Assigned task: Among the lines below, keep only those from the one containing "We then look" through the one containing "After a couple", and reproduce them exactly.

Provided data:
⁂

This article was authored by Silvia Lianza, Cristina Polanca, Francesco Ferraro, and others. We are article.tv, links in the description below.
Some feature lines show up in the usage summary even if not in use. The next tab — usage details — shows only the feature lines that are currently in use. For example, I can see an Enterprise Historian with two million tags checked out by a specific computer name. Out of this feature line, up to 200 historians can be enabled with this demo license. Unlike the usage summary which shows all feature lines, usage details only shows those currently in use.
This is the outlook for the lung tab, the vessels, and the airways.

⁂

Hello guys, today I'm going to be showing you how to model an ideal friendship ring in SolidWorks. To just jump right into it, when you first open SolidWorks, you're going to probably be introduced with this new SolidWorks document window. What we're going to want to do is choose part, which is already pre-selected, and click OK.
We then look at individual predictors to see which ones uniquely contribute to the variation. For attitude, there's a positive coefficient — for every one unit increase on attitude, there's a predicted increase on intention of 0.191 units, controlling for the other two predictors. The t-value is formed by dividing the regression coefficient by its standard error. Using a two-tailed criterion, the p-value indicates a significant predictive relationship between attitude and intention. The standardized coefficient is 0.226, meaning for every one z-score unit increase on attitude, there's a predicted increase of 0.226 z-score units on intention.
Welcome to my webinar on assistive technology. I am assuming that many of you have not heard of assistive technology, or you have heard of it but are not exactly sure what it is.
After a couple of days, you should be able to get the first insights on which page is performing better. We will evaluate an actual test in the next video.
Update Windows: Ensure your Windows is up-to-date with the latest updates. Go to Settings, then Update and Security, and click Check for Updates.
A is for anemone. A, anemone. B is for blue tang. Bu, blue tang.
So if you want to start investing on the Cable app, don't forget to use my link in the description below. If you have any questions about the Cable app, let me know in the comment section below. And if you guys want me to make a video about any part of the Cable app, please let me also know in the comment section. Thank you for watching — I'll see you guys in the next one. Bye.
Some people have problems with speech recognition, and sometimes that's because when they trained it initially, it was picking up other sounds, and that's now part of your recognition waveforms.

⁂

Written response:
We then look at individual predictors to see which ones uniquely contribute to the variation. For attitude, there's a positive coefficient — for every one unit increase on attitude, there's a predicted increase on intention of 0.191 units, controlling for the other two predictors. The t-value is formed by dividing the regression coefficient by its standard error. Using a two-tailed criterion, the p-value indicates a significant predictive relationship between attitude and intention. The standardized coefficient is 0.226, meaning for every one z-score unit increase on attitude, there's a predicted increase of 0.226 z-score units on intention.
Welcome to my webinar on assistive technology. I am assuming that many of you have not heard of assistive technology, or you have heard of it but are not exactly sure what it is.
After a couple of days, you should be able to get the first insights on which page is performing better. We will evaluate an actual test in the next video.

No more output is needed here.